En contraste con la generación anterior, que se debatía entre la negatividad ensimismada, el melancólico lirismo barrial y un regodeo pop distante e irónico, la emoción que predomina en Blatt es una alegría de modulación comunitaria. A diferencia del yo hastiado que se queja, se lamenta o se burla, a solas o ante un interlocutor que le sirve de espejo, en interiores de departamentos mohosos e iluminados austeramente por bombillas eléctricas, en muchos poemas de la llamada generación del noventa, la poesía de Blatt transcurre a pleno sol, en espacios abiertos, y encarna en un nosotros, los pibes, que no se corresponde, sin embargo, con otro importante colectivo juvenil —aunque de diferente filiación política— de la cultura argentina: los muchachos.
Blatt ubica a esos pibes en un mundo a la vez intrigante y familiar: el de ciertas culturas urbanas juveniles —floggers, skaters, etc.—, algo que explicaría parcialmente su prédica entre los poetas más jóvenes, algunos de los cuales intentan imitarlo.
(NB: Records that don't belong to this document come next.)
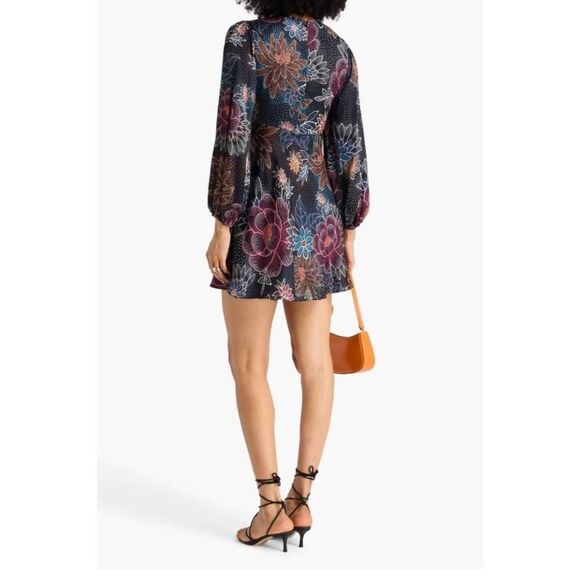 FARM RIO sparkle flowers mini dress cut out detail in black Long Sleeves Sz S - Picture 2 of 8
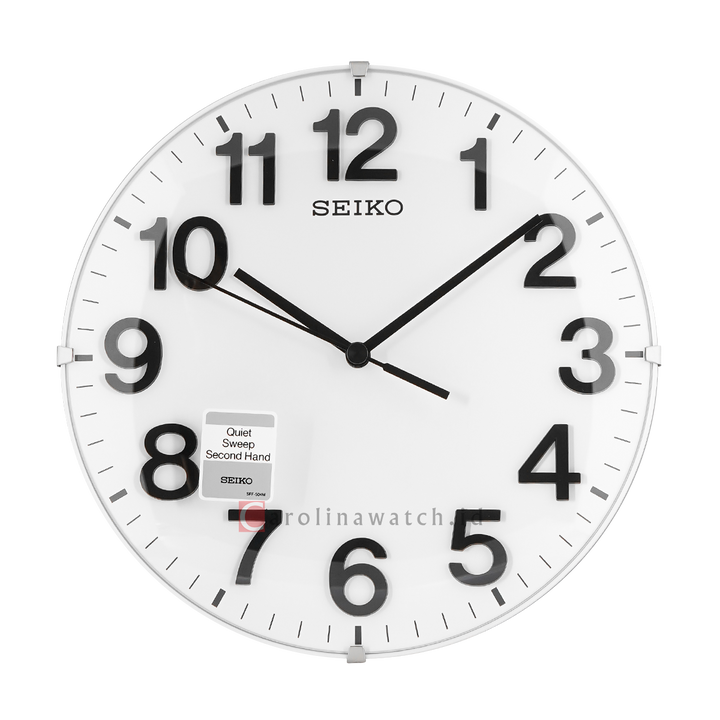 Jam Dinding SEIKO Analog QXA656W Quite Sweep Mat White Color White Dial Wall Clock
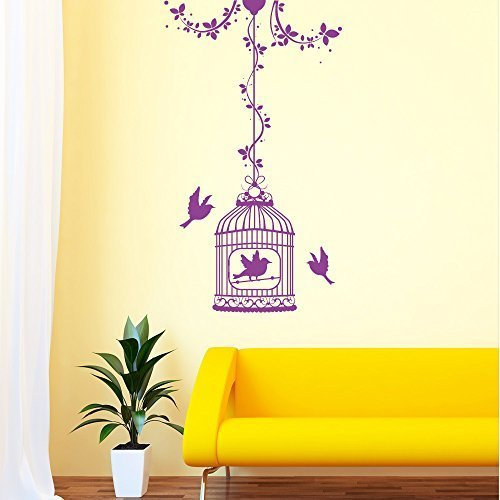 Wandtattoo Loft „Vogelkäfig mit Ranken und Vögel“ - Wandtattoo / 49 Farben / 3 Größen/flieder / 55 x 96 cm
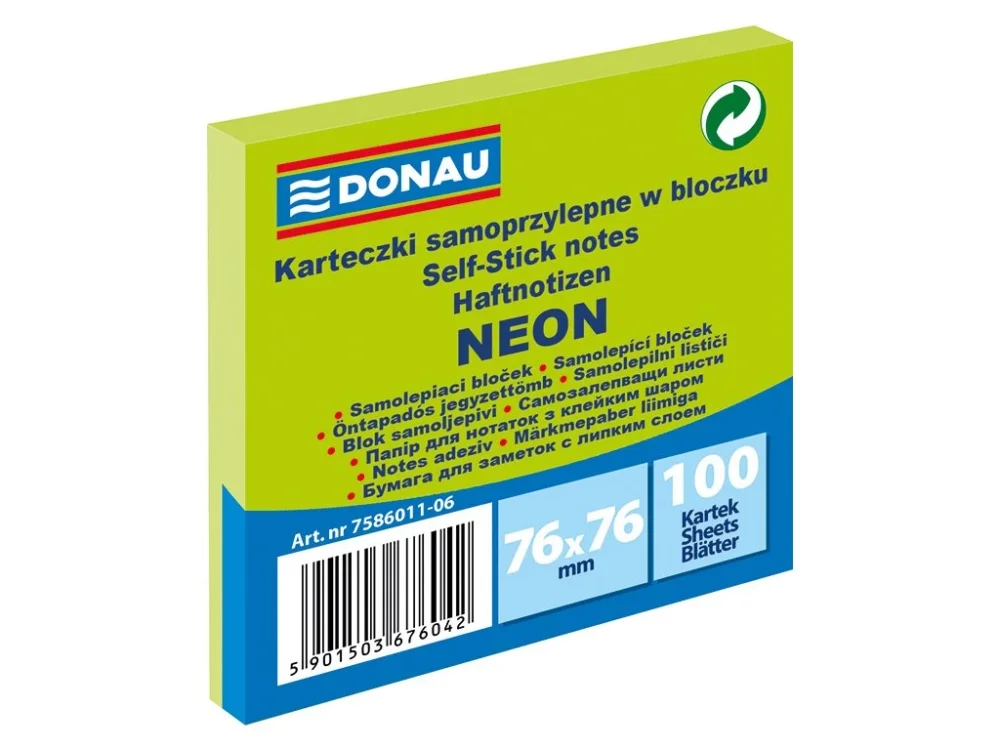 bloček s lepicí lištou NEON, 76x76mm Expresní Doručení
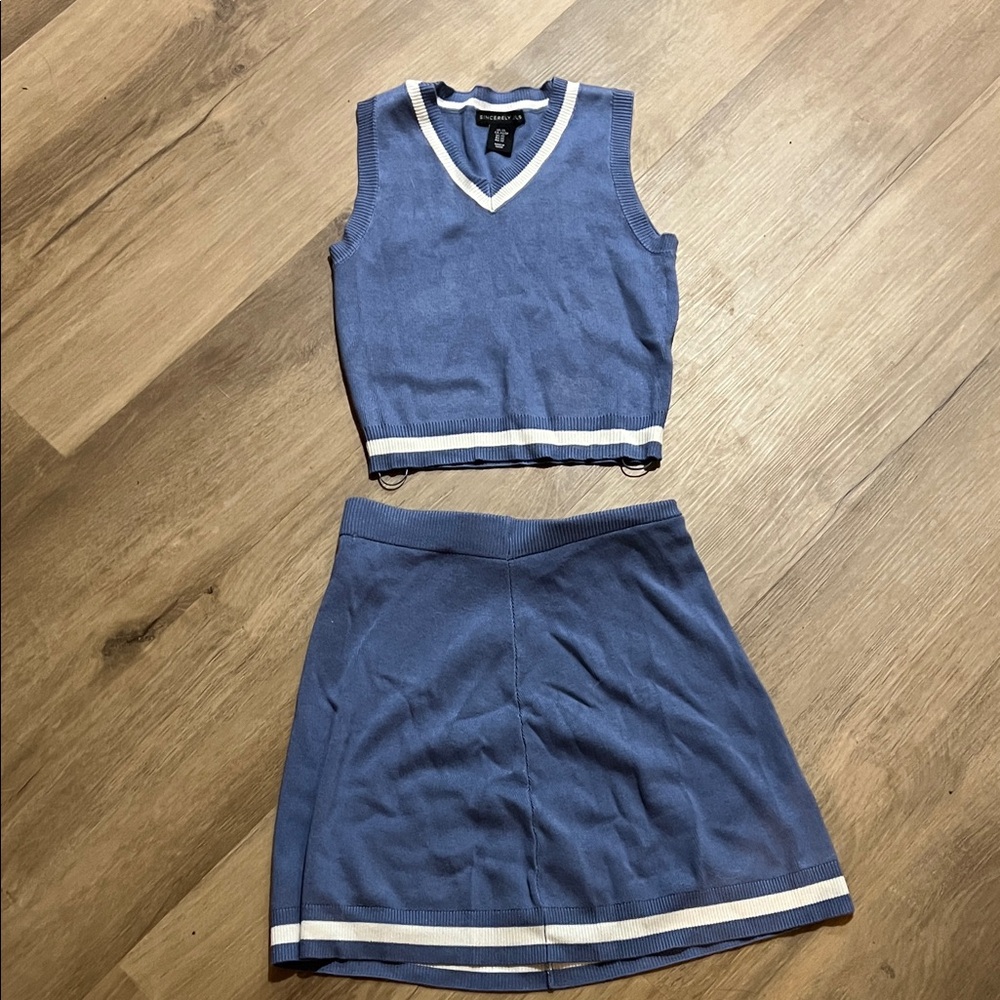 Sincerely Jules Blue and White Knit Set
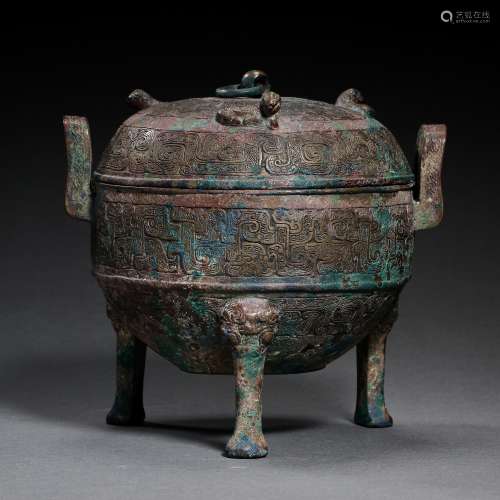 BRONZE DING OF THE WAR AND HAN DYNASTIES IN CHINA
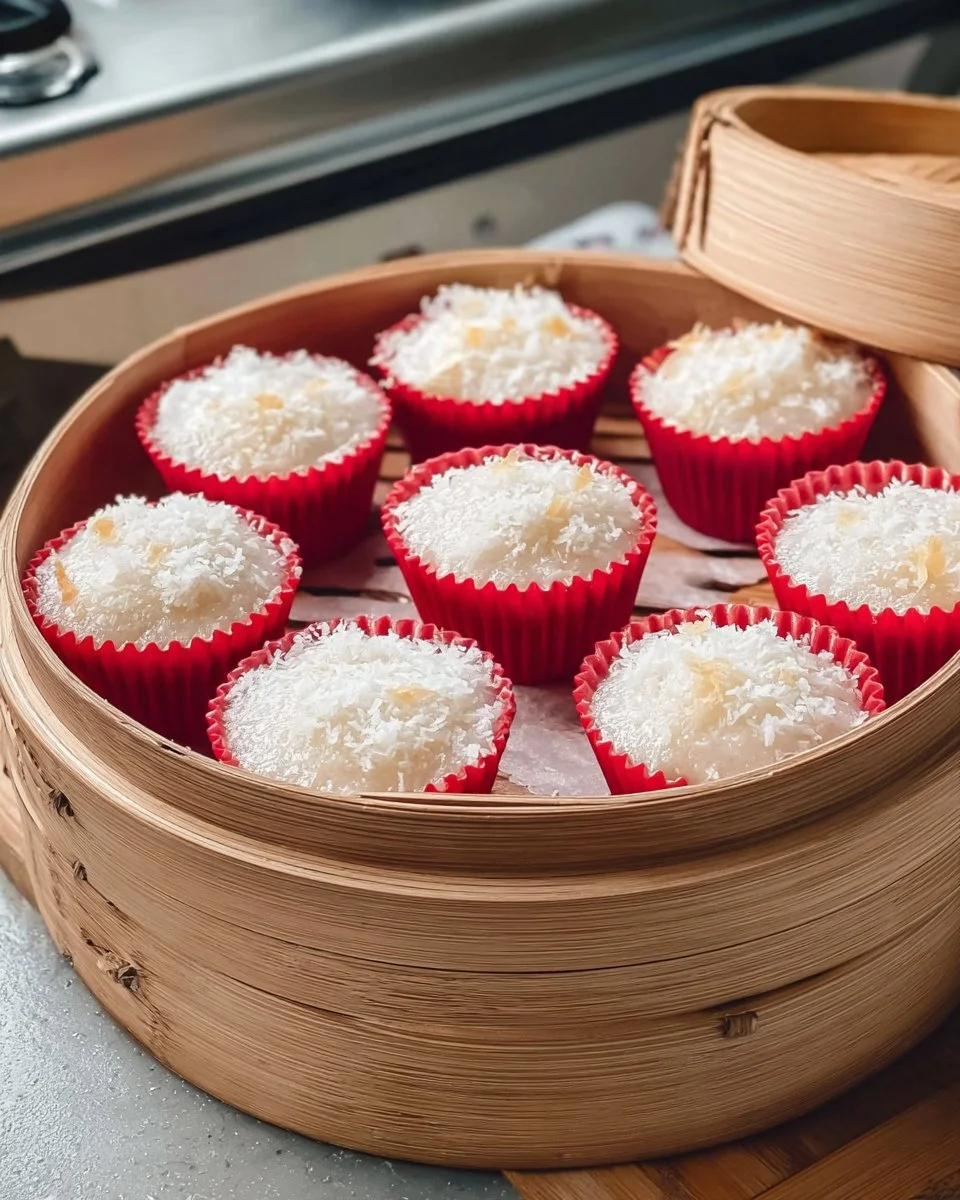 Deliciously moist Thai coconut banana cakes on a plate, garnished with fresh coconut.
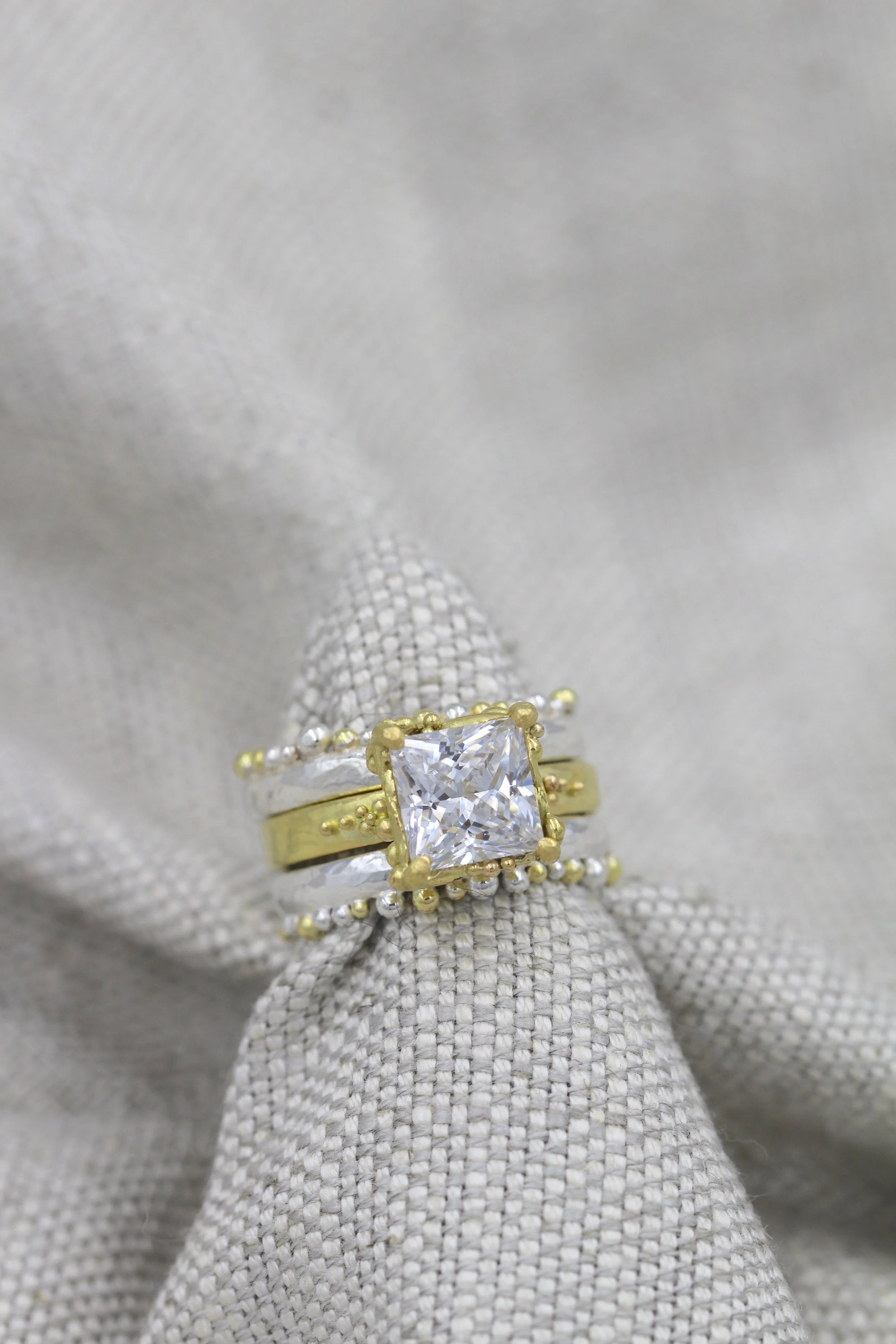 Princess Cut Diamond Stacking Rings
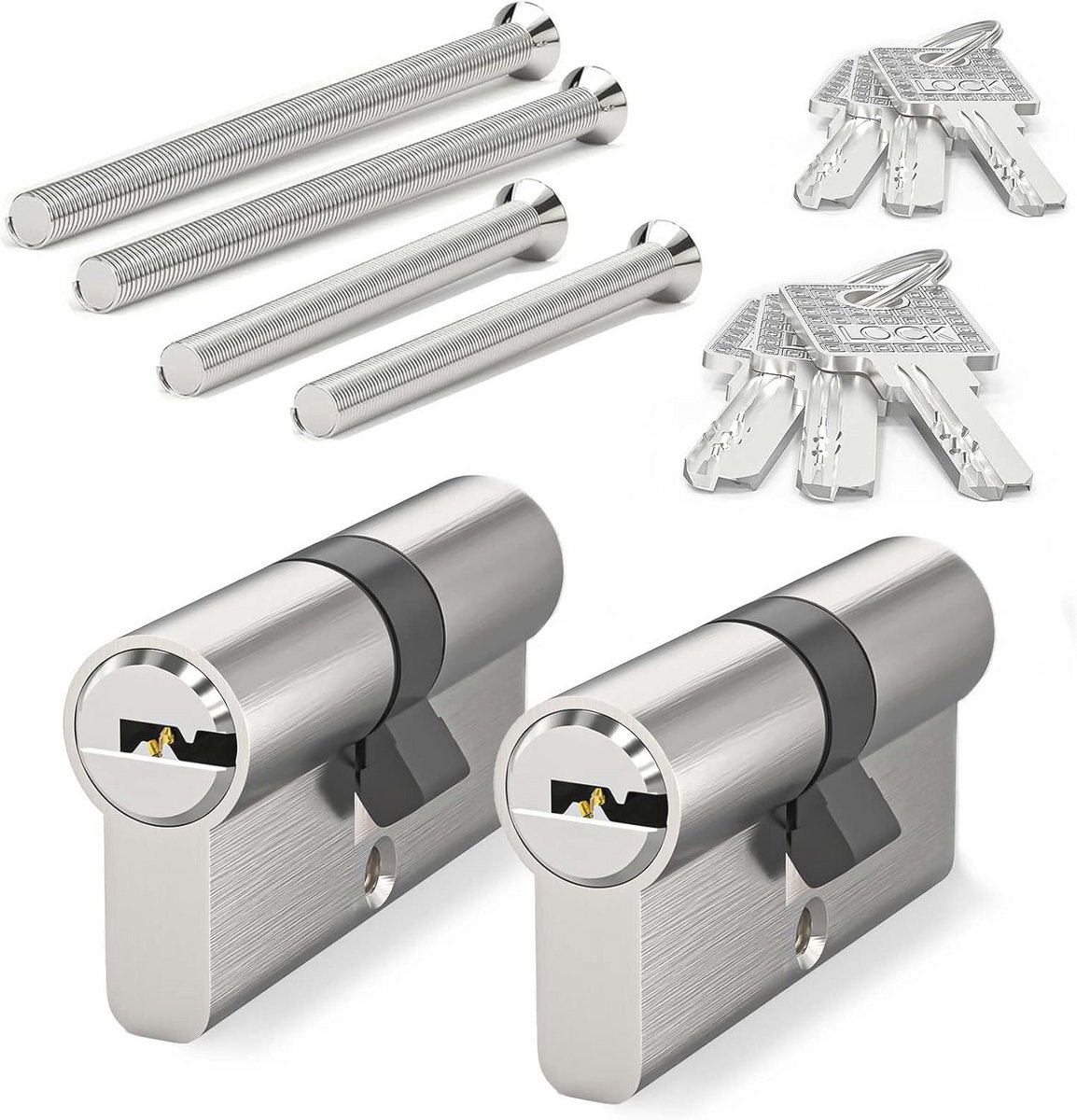 Profielcilinder 30/30 mm met 6 Sleutels - Dubbel Cilinderslot voor Deur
Pero la gran virtud de su poesía, a pesar de su oído privilegiado para las hablas de esas culturas, no está en su capacidad mimética, sino en una operación doble. Por un lado, desarma rancias oposiciones como poesía culta versus poesía popular, o poesía para leer versus poesía para escuchar. Por el otro, diferenciándose del forzado color local que suele caracterizar a los neopopularismos estéticos, Blatt nos muestra a sus pibes preocupados por las mismas cosas que inquietaron a los poetas de la gran tradición lírica. Porque los pibes de Blatt buscan —en el amor entre varones, el fútbol y las drogas— nada menos que la trascendencia. Porque ser joven no es ser nuevo, aunque a veces se parezca.
Mariano Blatt, Mi juventud unida, Mansalva, 2015, 256 págs.